Short descriptive text snippets:
*** Block opens ***
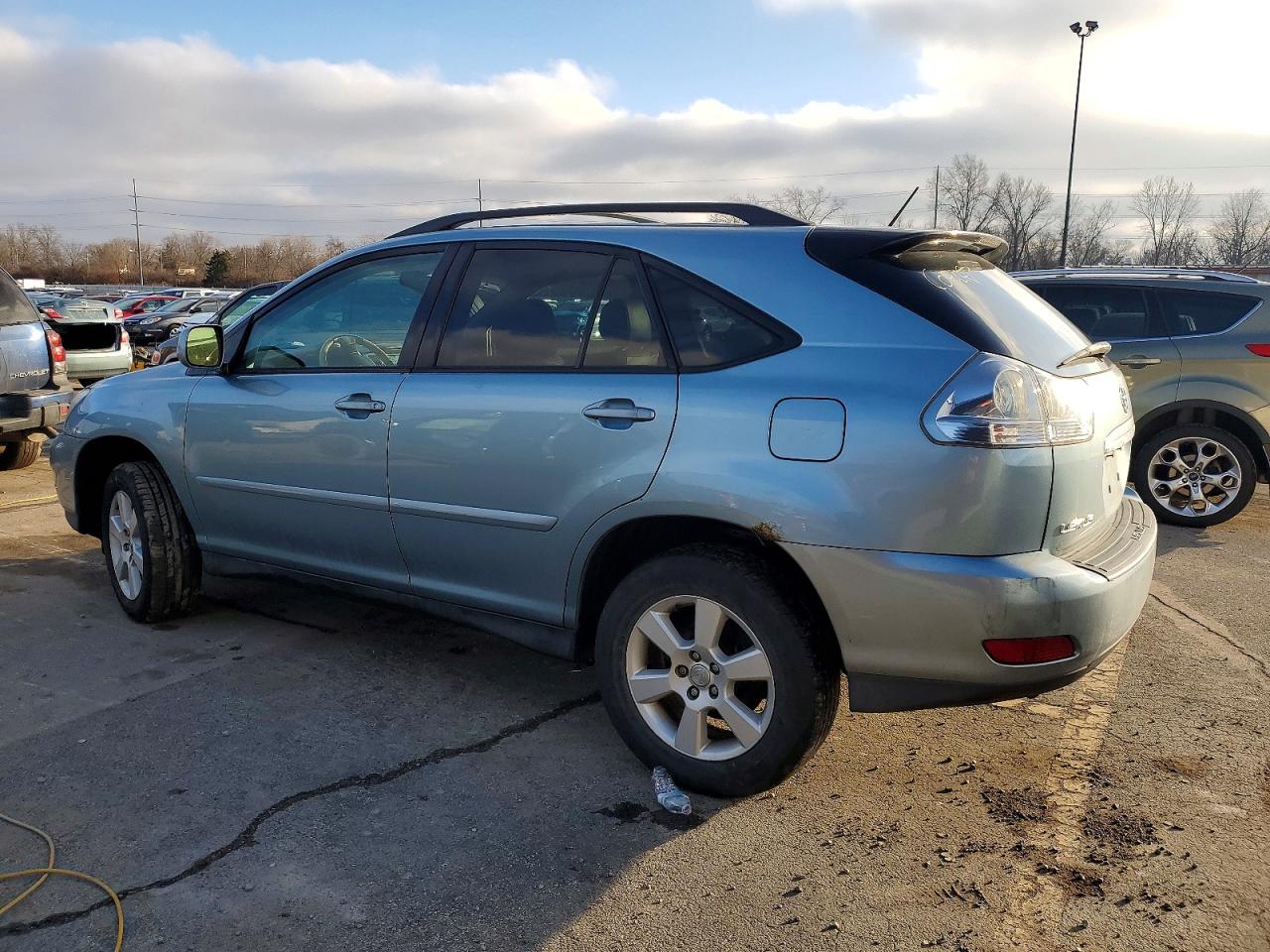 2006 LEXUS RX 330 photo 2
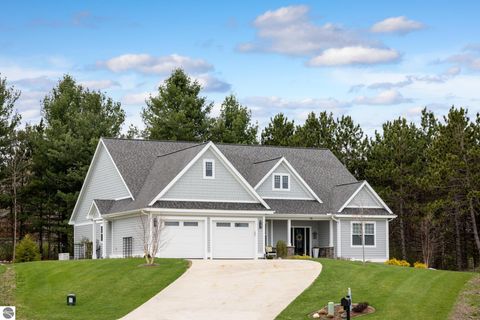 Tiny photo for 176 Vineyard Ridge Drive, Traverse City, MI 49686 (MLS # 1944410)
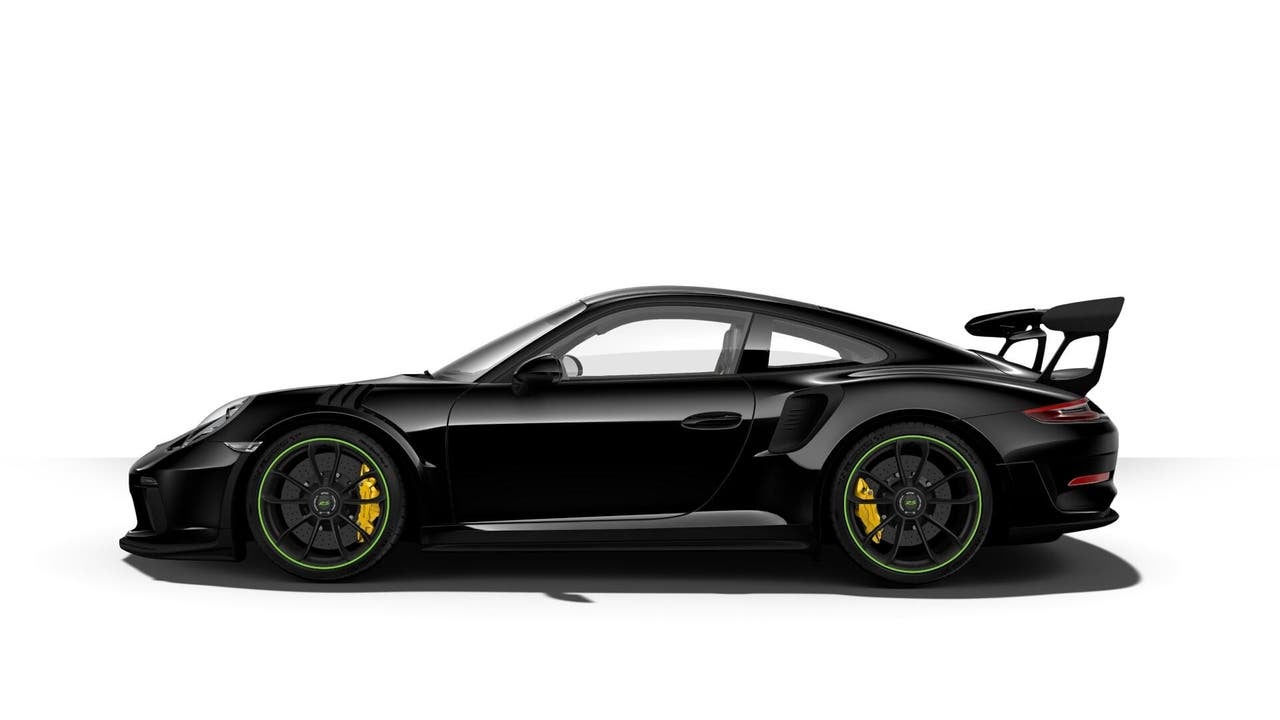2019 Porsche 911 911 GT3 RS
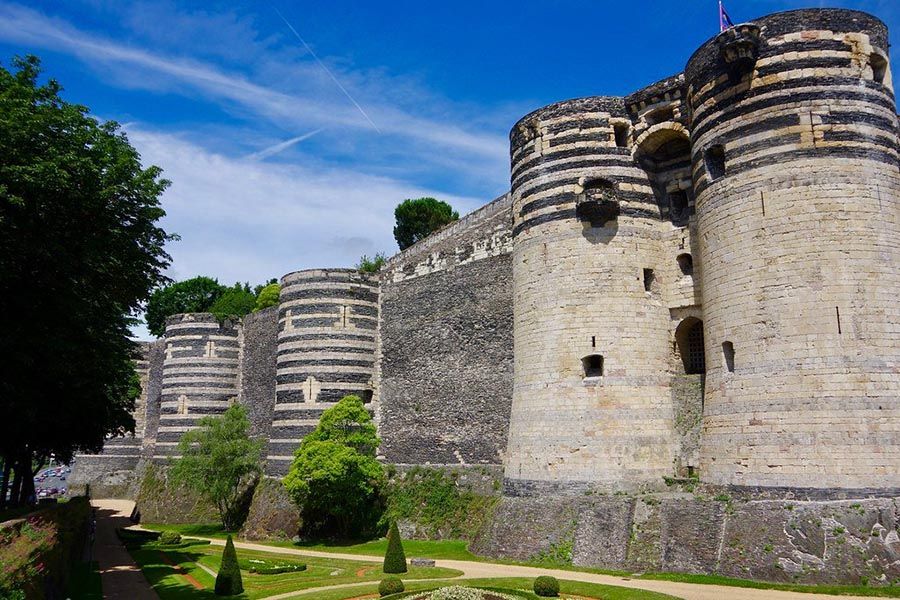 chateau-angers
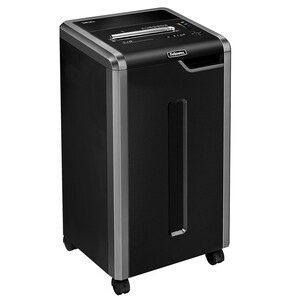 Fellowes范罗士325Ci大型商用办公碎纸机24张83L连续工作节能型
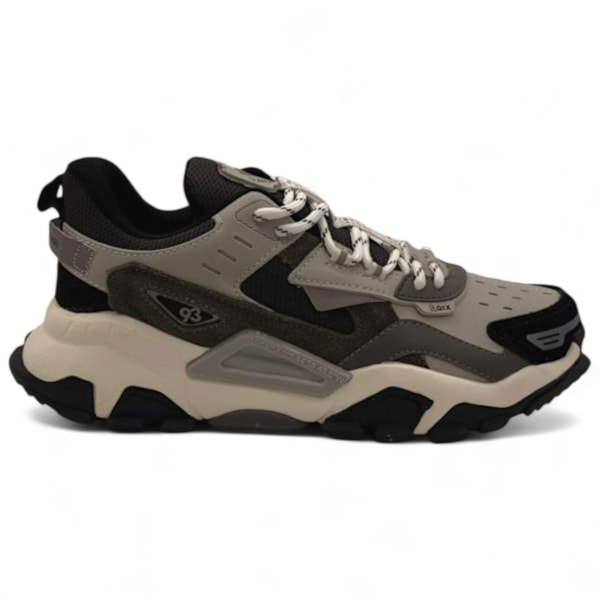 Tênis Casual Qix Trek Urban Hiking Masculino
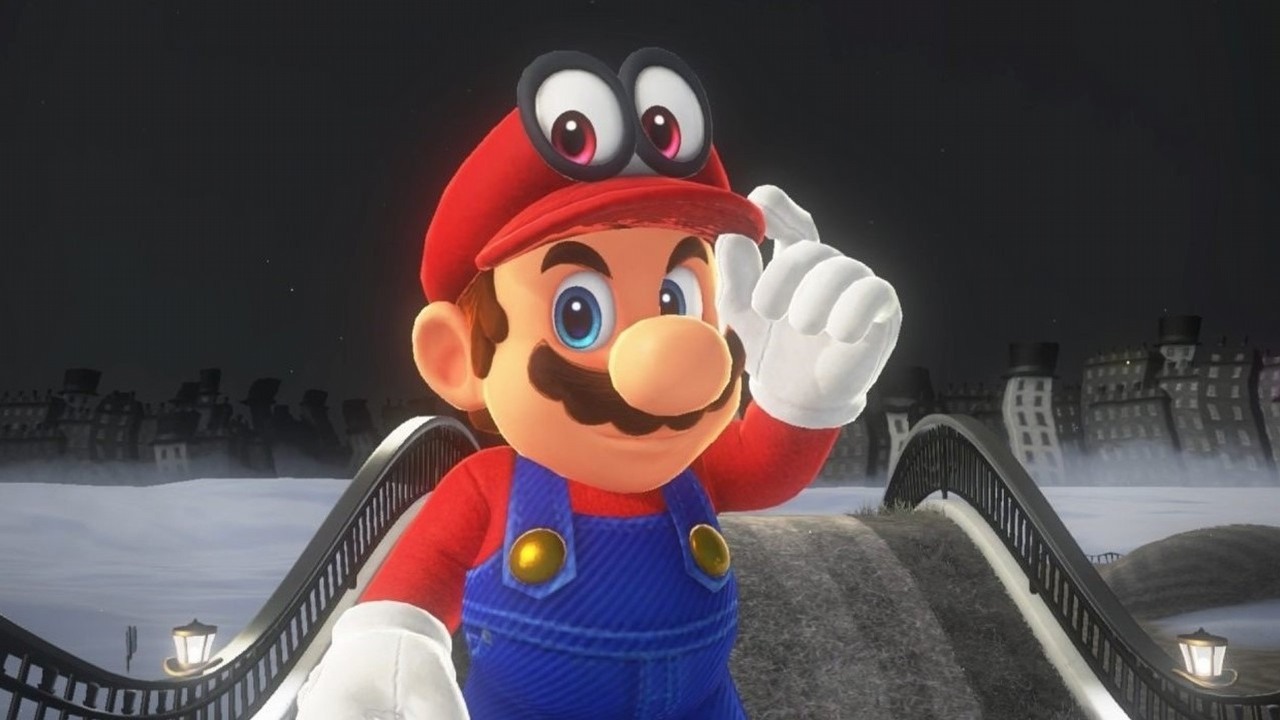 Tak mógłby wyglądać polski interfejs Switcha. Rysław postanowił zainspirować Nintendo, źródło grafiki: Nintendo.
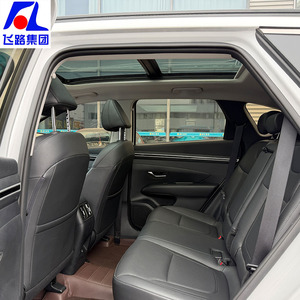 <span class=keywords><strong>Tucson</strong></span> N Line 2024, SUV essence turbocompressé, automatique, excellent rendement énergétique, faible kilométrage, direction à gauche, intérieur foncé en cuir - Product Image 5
*** Block closes ***
With pictures excluded, reproduce exactly the lines above from the one containing "chateau-angers" down to the one containing "Tak mógłby wyglądać", those two included.

*ANSWER TO THE EXERCISE*.
 chateau-angers
 Fellowes范罗士325Ci大型商用办公碎纸机24张83L连续工作节能型
 Tênis Casual Qix Trek Urban Hiking Masculino
 Tak mógłby wyglądać polski interfejs Switcha. Rysław postanowił zainspirować Nintendo, źródło grafiki: Nintendo.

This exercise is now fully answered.